The third-party software may not continue to be available to us on commercially
reasonable terms. We may not be able to renew this agreement or develop
alternative technology. If we cannot maintain licenses to key third-party
software, such as Orbix, develop similar technology or license similar
technology from another source on a timely or commercially feasible basis, our
business, financial condition and results of operations could be seriously
harmed.

WE ARE DEPENDENT UPON KEY PERSONNEL. THE LOSS OF THE SERVICES OF ONE OR MORE OF
OUR KEY PERSONNEL, OR OUR FAILURE TO ATTRACT, ASSIMILATE AND RETAIN OTHER HIGHLY
QUALIFIED PERSONNEL IN THE FUTURE WOULD SERIOUSLY HARM OUR BUSINESS.

       Our future success depends on the continued service of our senior
management, product development and sales personnel. The loss of the services of
one or more of our key personnel could seriously harm our business, financial
condition and results of operations. None of these persons is bound by an
employment agreement. As of June 30, 1999, Net Perceptions consisted of 130
employees. We only carry key person life insurance on Steven J. Snyder, our
President and Chief Executive Officer. The amount of such policy is $1,000,000.
Our future success also depends on our continuing ability to attract, hire,
train and retain a substantial number of highly skilled managerial, technical,
sales, marketing and customer support personnel. Competition for such personnel
is intense, and we may fail to retain our key employees, or attract, assimilate
or retain other highly qualified personnel in the future. If so, our business,
financial condition and results of operations could be seriously harmed.

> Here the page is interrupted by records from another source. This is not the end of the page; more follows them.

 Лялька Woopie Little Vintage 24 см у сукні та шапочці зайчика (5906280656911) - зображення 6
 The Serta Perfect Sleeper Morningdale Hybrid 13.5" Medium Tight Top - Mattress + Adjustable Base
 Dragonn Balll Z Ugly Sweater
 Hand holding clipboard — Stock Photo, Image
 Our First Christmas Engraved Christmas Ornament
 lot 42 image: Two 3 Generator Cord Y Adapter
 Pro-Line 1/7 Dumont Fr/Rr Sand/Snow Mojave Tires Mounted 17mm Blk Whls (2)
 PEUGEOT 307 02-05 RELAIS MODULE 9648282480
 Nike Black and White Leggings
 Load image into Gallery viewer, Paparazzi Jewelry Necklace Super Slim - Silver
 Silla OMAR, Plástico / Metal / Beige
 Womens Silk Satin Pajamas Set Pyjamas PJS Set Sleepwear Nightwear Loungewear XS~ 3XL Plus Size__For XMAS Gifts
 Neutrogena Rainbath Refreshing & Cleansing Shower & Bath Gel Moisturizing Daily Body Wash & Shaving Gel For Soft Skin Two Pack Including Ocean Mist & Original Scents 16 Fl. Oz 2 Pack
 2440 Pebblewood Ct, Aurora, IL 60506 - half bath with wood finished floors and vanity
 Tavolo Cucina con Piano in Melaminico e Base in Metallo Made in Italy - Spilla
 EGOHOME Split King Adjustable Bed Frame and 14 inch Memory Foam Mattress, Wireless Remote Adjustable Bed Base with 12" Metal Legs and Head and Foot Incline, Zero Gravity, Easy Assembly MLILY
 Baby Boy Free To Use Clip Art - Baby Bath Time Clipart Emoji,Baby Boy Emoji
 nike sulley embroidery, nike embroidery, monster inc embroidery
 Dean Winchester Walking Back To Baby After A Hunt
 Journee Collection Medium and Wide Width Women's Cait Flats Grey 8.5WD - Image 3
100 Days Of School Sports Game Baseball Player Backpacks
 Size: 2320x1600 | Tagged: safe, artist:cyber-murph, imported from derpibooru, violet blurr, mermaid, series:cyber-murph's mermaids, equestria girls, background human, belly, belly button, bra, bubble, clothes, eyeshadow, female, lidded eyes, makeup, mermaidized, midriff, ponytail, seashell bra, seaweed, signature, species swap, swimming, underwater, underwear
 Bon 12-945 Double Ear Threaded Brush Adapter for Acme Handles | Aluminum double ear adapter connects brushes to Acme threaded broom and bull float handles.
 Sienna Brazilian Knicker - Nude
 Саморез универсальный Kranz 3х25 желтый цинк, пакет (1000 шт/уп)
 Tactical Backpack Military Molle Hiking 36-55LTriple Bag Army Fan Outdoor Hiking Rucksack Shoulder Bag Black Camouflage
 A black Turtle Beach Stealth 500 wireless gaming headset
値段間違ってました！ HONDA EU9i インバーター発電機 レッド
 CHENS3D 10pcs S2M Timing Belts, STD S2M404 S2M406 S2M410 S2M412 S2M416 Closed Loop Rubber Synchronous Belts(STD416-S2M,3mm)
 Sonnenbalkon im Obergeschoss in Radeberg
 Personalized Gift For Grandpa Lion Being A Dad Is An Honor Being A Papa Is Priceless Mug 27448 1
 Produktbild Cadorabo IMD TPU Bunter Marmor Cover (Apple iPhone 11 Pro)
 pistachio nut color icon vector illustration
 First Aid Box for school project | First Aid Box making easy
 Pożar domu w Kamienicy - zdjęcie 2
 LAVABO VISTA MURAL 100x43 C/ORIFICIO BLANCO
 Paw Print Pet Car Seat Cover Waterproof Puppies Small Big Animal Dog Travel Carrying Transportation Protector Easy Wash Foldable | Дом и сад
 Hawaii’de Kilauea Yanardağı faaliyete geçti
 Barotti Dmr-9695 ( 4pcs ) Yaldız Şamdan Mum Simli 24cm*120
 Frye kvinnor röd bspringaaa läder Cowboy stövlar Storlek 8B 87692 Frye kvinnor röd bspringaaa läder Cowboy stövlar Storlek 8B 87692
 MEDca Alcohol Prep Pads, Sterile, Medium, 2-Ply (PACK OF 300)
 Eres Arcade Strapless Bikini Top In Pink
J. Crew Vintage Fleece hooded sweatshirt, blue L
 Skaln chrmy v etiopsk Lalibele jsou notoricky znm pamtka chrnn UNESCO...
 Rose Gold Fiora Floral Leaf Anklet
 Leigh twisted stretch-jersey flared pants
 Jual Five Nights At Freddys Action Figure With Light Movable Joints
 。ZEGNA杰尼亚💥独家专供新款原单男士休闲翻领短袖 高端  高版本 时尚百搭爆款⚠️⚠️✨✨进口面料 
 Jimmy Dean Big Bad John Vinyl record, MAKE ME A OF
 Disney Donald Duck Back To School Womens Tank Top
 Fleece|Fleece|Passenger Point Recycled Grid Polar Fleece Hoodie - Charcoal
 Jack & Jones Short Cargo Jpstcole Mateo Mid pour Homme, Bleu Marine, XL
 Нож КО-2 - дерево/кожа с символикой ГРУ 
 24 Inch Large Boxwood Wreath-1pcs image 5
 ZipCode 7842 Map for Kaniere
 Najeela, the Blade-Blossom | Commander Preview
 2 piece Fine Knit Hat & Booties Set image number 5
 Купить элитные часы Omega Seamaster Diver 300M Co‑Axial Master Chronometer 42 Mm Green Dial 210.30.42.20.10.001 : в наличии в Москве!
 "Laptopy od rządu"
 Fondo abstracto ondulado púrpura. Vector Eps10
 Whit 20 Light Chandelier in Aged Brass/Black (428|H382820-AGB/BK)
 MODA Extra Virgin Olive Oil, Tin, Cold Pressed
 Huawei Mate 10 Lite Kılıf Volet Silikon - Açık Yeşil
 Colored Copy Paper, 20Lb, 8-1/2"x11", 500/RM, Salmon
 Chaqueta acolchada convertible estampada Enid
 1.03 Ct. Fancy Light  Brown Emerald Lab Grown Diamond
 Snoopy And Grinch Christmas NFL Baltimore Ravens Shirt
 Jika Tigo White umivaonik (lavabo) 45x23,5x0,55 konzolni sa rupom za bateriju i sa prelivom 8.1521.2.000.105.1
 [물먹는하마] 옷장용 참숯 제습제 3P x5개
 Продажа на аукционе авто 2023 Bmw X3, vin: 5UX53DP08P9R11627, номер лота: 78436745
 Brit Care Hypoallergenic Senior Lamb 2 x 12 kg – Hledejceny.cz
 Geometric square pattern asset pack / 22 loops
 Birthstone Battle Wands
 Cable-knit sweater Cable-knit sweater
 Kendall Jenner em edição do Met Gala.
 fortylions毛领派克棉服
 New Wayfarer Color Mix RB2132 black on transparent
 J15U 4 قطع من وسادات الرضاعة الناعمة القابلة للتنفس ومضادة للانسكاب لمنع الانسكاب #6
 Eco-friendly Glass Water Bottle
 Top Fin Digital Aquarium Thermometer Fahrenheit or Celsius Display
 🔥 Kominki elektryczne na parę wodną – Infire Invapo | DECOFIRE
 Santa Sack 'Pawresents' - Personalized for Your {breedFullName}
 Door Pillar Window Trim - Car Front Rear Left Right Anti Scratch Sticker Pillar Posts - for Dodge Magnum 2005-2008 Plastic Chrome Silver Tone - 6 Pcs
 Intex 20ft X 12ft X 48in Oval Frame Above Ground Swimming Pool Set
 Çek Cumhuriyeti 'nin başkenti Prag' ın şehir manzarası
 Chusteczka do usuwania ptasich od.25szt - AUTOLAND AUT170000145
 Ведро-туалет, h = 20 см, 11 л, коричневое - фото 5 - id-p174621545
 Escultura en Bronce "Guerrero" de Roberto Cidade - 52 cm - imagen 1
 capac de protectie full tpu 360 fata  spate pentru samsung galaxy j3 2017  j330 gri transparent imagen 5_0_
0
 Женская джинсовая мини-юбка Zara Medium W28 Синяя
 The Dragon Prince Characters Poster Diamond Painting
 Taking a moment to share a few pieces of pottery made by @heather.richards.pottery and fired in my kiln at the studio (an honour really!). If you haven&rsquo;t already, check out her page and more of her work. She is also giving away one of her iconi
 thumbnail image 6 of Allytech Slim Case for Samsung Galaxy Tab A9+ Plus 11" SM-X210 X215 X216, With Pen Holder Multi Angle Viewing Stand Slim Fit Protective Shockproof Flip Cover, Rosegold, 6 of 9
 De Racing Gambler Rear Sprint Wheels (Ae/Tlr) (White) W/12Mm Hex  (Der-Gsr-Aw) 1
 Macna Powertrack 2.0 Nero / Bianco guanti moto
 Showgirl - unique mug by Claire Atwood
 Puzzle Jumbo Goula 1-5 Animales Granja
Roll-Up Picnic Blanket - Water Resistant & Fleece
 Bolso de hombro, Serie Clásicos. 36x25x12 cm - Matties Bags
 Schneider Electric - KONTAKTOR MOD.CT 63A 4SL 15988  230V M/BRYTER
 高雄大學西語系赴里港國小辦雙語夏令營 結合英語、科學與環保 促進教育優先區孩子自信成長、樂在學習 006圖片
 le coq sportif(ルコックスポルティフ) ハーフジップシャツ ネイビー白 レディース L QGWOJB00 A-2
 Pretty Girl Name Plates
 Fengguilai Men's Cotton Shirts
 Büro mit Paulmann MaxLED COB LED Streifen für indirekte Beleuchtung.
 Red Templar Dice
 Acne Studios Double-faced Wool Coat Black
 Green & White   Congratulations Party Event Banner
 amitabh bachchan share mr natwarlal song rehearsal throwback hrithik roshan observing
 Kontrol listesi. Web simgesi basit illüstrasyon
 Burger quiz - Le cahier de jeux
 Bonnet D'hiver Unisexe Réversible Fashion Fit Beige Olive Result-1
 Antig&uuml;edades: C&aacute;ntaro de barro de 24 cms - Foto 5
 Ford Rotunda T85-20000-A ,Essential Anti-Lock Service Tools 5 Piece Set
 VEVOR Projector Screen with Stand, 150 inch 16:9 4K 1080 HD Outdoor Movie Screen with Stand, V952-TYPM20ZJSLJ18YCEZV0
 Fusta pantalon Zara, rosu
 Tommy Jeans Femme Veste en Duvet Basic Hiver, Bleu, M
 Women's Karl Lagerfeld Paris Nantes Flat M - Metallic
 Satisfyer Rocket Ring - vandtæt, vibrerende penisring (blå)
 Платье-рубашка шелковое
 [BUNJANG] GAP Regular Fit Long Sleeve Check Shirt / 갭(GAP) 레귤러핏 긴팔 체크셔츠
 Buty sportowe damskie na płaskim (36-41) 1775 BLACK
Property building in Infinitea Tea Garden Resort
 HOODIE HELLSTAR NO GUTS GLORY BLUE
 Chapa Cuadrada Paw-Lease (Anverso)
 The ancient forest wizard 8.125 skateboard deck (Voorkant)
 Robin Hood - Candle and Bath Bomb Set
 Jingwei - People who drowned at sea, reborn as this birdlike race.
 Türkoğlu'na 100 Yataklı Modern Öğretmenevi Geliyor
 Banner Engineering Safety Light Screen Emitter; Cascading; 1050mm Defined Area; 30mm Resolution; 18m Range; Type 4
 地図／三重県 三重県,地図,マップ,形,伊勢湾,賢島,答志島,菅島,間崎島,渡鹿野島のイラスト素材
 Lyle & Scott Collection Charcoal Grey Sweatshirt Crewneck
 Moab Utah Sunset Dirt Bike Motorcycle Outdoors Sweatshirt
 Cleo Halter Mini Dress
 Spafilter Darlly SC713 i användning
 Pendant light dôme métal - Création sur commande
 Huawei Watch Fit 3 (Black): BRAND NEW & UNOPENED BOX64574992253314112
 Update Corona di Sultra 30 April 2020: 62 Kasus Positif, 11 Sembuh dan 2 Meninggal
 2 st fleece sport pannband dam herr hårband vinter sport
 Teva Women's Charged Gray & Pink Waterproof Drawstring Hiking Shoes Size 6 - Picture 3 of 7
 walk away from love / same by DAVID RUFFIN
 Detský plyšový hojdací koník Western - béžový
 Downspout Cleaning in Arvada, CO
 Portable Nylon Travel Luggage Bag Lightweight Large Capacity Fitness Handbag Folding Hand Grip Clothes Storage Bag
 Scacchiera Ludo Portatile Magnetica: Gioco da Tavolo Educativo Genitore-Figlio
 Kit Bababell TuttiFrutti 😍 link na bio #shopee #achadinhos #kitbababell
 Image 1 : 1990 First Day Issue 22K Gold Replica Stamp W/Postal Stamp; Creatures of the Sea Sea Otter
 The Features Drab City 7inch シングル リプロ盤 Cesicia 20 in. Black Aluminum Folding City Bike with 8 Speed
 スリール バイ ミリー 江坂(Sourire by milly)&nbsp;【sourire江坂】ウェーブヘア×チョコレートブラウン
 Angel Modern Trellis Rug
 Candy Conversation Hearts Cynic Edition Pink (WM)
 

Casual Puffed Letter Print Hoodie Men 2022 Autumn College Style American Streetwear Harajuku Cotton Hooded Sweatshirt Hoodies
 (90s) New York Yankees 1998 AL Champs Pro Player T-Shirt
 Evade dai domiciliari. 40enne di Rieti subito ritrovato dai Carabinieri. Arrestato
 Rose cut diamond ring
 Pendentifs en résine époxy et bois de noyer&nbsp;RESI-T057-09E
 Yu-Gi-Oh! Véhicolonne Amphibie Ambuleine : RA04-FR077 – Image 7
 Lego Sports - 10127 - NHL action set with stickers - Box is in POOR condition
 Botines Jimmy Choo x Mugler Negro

                                       21
<PAGE>

WE DEPEND ON INCREASING USE OF THE INTERNET AND ON THE GROWTH OF ELECTRONIC
COMMERCE. IF THE USE OF THE INTERNET AND ELECTRONIC COMMERCE DO NOT GROW AS
ANTICIPATED, OUR BUSINESS WILL BE SERIOUSLY HARMED.

       Our future revenues depend upon the increased acceptance and use of the
Internet and other online services as a medium of commerce. Rapid growth in the
use of the Internet, the web and online services is a recent phenomenon.
Acceptance and use may not continue to develop at historical rates and a
sufficiently broad base of customers may not adopt or continue to use the
Internet and other online services as a medium of commerce. Demand and market
acceptance for recently-introduced services and products over the Internet are
subject to a high level of uncertainty and few proven services and products
exist.

       In addition, the Internet may not be accepted as a viable long-term
commercial marketplace for a number of reasons, including potentially inadequate
development of the necessary network infrastructure or delayed development of
enabling technologies and performance improvements. To the extent that the
Internet continues to experience significant expansion in the number of users,
frequency of use or bandwidth requirements, the infrastructure for the Internet
may be unable to support the demands placed upon it. In addition, the Internet
could lose its viability as a commercial medium due to delays in the development
or adoption of new standards and protocols required to handle increased levels
of Internet activity, or due to increased governmental regulation. Changes in,
or insufficient availability of, telecommunications services to support the
Internet also could result in slower response times and adversely affect usage
of the Internet generally.

       Our business, financial condition and results of operations would be
seriously harmed if:

     -    Use of the Internet, the web and other online services does not
          continue to increase or increases more slowly than expected;

     -    The infrastructure for the Internet, the web and other online services
          does not effectively support expansion that may occur; or

     -    The Internet, the web and other online services do not become a viable
          commercial marketplace, which would inhibit the development of
          electronic commerce and of the need for our Net Perceptions for
          E-commerce product.

PROTECTION OF OUR INTELLECTUAL PROPERTY MAY NOT BE ADEQUATE.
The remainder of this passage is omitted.